Mit den zusätzlichen Fahrzeugen rückt auch ein wichtiges Ziel näher: Bis 2030 wird der Grazer Straßenbahnfuhrpark weitgehend aus modernen Niederflurfahrzeugen bestehen.
Statements
Bürgermeisterin Elke Kahr:
„Die Flexity-Straßenbahnen sind eine ganz wichtige Investition für Jahrzehnte. Von den modernen Straßenbahnen profitieren Fahrgäste und Fahrer:innen gleichermaßen. Die Straßenbahnen sind das Rückgrat des Grazer ÖV-Netzes, deshalb kann die Bedeutung der Modernisierung gar nicht hoch genug eingeschätzt werden."
Vizebürgermeisterin Judith Schwentner:
„Mit den neuen Flexity-Straßenbahnen bekommt Graz eine der modernsten Straßenbahnflotten Europas. Die Fahrzeuge bieten mehr Platz, mehr Komfort, durchgängige Barrierefreiheit und eine Qualität, die viele Menschen jeden Tag unmittelbar spüren werden. Damit investieren wir nicht nur in neue Fahrzeuge, sondern in ein besseres Öffi-Angebot für die Grazerinnen und Grazer."
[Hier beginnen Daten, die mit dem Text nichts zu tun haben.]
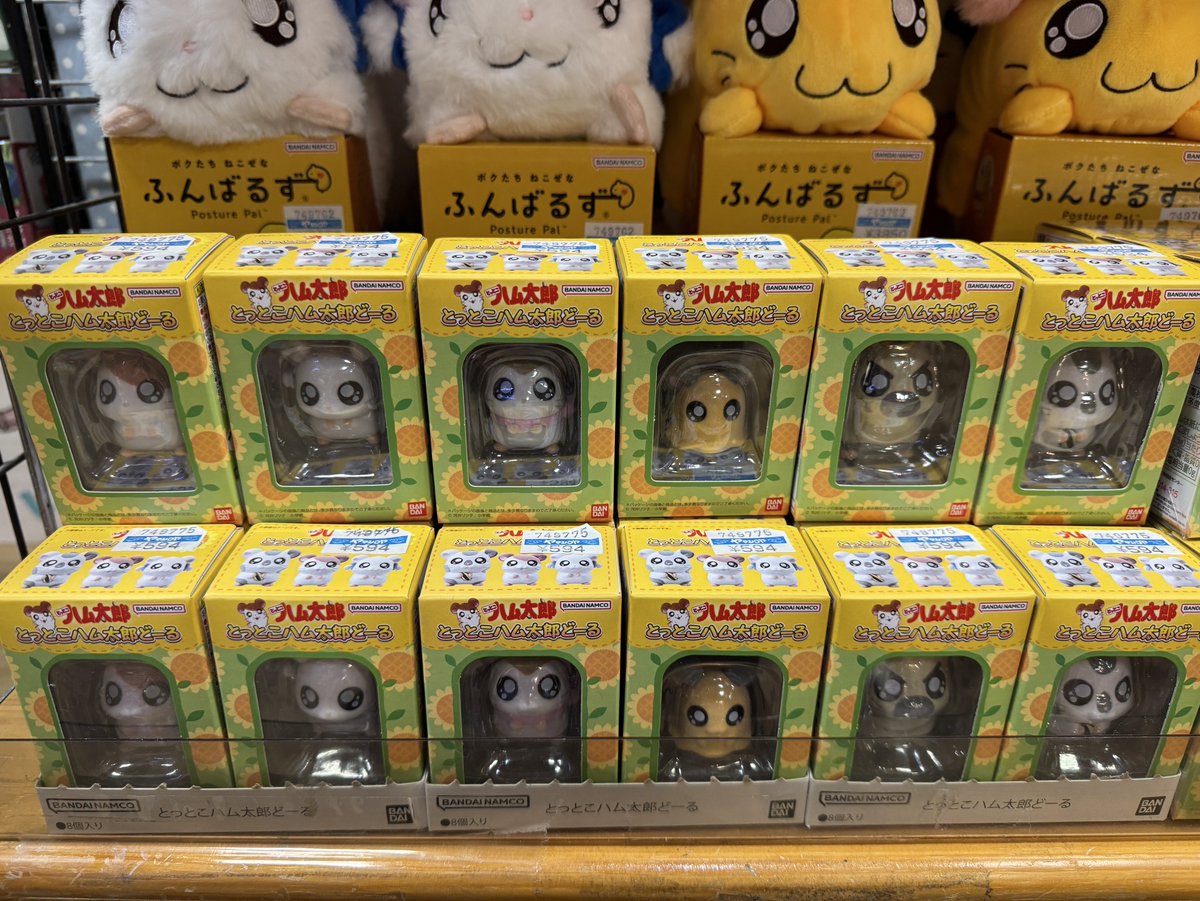 とっとこハム太郎の立て看板 トヨタカローラ コラボ商品 広告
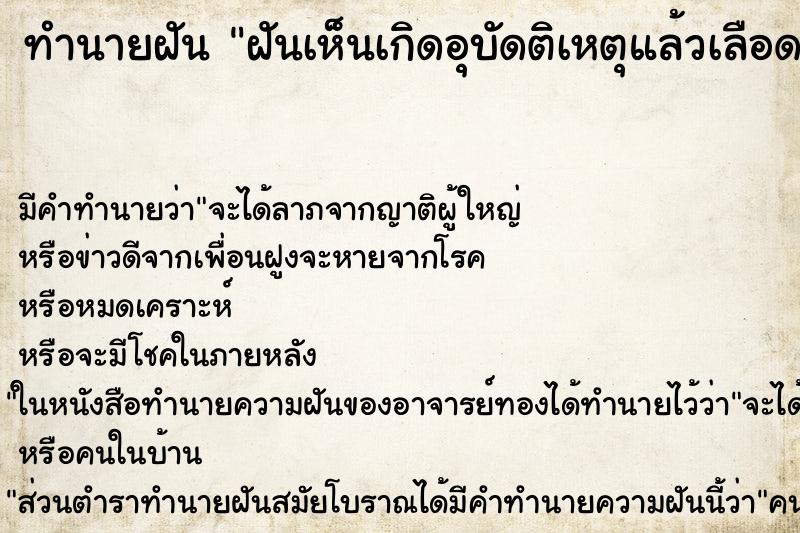 ทำนายฝันทำนายฝันฝันเห็นเกิดอุบัดติเหตุแล้วเลือดออก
Berteiligungs-Stadtrat Manfred Eber:
„Bevor wir diesen Schritt setzen, wollten wir zunächst Erfahrungen mit den ersten Flexity-Straßenbahnen im täglichen Betrieb sammeln. Diese fallen positiv aus. Deshalb schaffen wir nun die Grundlage für weitere 24 Fahrzeuge. Das ist auch notwendig, weil viele ältere Garnituren in die Jahre gekommen sind und ersetzt werden müssen."

Die Beschaffung der neuen Fahrzeuge erfolgt im Rahmen einer bereits europaweit durchgeführten Ausschreibung. Mit der Bestellung können ältere Straßenbahnen der Serien 500, 600 und Cityrunner schrittweise ersetzt werden. Laut vorliegenden Gutachten ist dies aus Gründen der Betriebssicherheit, Verfügbarkeit und Wirtschaftlichkeit erforderlich.
„Das Klimaticket hat gezeigt, wie viele Menschen öffentliche Verkehrsmittel nutzen, wenn das Angebot einfach und leistbar ist. Wer mehr Menschen in Bus und Bim bringen will, muss Öffifahren attraktiv und leistbar halten. Bund, Land und Verkehrsverbund sind gefordert, echte Wahlfreiheit nicht durch steigende Preise zu gefährden. Moderne und leistbare Öffis sind kein Luxus, sondern entscheidend damit eine wachsende Stadt funktioniert", so Verkehrs-Stadträtin Judith Schwentner abschließend.